Linly-Talker: An Intelligent Dialogue System for Digital People, Combining Big Language Modeling and Visual Modeling for a New Interactive Experience

Latest AI Resources8mos agorelease AI Sharing Circle

26.4K 00

General Introduction

Linly-Talker is an innovative digital human dialog system that combines Large Language Models (LLMs) with visual models to create a novel approach to human-computer interaction. The system integrates a variety of technologies such as Whisper, Linly, Microsoft Speech Services and SadTalker generating system designed to provide a realistic digital human conversation experience.Linly-Talker supports users to upload images for conversations and enhances interactivity and realism through a multi-round dialog system. The project was developed by Kedreamix and is open-sourced on GitHub for developers and researchers to use and improve.

Linly-Talker：数字人智能对话系统，结合大语言模型与视觉模型，实现互动新体验

Function List

multi-wheel dialog system (MDS): Supports contextualized multi-round conversations for enhanced interactivity and realism.
Image Upload Dialog: Users can upload images and talk to digital people.
Speech synthesis and recognition: Integrates with Microsoft TTS and FunASR to provide multiple speech types and fast speech recognition.
Video Subtitle Generation: Supports video subtitle generation for enhanced visual effects.
voice cloning: With the GPT-SoVITS model, voices can be cloned using one minute of speech data.
Personalized Character Generation: Supports personalized role generation with multiple models and options.
real time chat: Integration with MuseTalk for basic real-time conversation functionality.

Using Help

Installation process

cloning project: Run the following command in the terminal to clone the project:

   git clone https://github.com/Kedreamix/Linly-Talker.git

Installation of dependencies: Go to the project directory and install the required dependencies:

   cd Linly-Talker
pip install -r requirements_app.txt
pip install -r requirements_webui.txt

Configuration environment: Configure environment variables and certificates as needed to ensure proper system operation.

Guidelines for use

Starting the WebUI: Run the following command to start the WebUI:

   python webui.py

Open your browser to access http://localhost:7860The Linly-Talker web interface can be accessed by clicking on the following link.
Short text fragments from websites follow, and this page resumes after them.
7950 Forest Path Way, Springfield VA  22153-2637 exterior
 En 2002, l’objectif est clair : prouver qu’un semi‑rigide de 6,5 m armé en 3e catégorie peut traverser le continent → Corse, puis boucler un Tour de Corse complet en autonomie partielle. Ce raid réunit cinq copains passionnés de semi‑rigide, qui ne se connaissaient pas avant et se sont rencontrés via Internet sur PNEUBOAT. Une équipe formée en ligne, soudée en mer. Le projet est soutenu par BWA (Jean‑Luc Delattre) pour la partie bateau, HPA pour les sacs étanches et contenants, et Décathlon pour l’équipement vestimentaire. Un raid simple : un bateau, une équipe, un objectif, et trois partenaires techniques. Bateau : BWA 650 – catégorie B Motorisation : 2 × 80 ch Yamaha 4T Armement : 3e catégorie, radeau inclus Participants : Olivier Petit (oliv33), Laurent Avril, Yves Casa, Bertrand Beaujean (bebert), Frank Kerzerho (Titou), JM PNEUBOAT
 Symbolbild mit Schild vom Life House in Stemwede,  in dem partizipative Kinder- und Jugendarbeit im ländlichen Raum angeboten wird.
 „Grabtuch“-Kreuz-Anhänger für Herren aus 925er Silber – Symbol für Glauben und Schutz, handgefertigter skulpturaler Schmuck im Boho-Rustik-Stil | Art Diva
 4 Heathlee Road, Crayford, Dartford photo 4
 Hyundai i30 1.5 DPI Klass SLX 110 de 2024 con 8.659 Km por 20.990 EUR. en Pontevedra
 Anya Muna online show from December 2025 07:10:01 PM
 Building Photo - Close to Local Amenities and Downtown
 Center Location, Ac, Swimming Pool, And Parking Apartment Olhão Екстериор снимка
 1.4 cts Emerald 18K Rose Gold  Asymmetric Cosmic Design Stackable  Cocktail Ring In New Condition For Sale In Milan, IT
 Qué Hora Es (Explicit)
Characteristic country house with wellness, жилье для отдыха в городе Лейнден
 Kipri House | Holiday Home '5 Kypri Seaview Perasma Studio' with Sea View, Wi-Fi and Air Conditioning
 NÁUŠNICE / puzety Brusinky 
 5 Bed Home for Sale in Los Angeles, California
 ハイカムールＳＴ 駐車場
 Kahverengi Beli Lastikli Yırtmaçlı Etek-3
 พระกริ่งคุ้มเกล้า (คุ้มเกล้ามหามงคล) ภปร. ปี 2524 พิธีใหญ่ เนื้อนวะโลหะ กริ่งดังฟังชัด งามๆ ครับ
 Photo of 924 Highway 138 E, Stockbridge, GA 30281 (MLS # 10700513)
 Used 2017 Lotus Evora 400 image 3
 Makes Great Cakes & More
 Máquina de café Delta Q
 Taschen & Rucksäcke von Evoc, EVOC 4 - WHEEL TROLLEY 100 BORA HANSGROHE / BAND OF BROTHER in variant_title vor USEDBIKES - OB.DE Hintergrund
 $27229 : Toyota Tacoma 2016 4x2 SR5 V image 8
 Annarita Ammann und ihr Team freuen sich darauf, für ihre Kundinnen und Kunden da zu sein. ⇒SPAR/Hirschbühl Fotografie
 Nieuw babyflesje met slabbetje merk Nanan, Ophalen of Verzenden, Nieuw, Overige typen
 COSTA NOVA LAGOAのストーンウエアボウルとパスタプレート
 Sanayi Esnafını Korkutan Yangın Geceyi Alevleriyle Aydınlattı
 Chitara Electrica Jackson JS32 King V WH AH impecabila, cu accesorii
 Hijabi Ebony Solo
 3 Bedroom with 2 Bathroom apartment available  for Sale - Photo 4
Uploading images for conversation::
- In the WebUI interface, click the "Upload Image" button and select the image file to be uploaded.
- Once the image is uploaded, the system automatically generates a dialog that allows the user to interact with the digital person.
Speech synthesis and recognition::
- Input text in the dialog box, select the voice type, click "Generate Voice" button, the system will synthesize the voice and play it.
- Users can also enter their voice through the microphone and the system will automatically recognize and generate text.
Video Subtitle Generation::
- Upload video files, the system will automatically generate subtitles and embed them in the video, and users can download the video files with subtitles.
voice cloning::
- Upload a voice sample of the target person and the system will use the GPT-SoVITS model for voice cloning to generate a voice similar to the target person.
Personalized Character Generation::
- In the WebUI interface, select the "Personalized Character Generation" option, enter the character information, and the system will generate a personalized digital persona.
real time chat::
- By selecting the MuseTalk module, the system will turn on the real-time dialog feature, which allows the user to interact with the digital person in real time.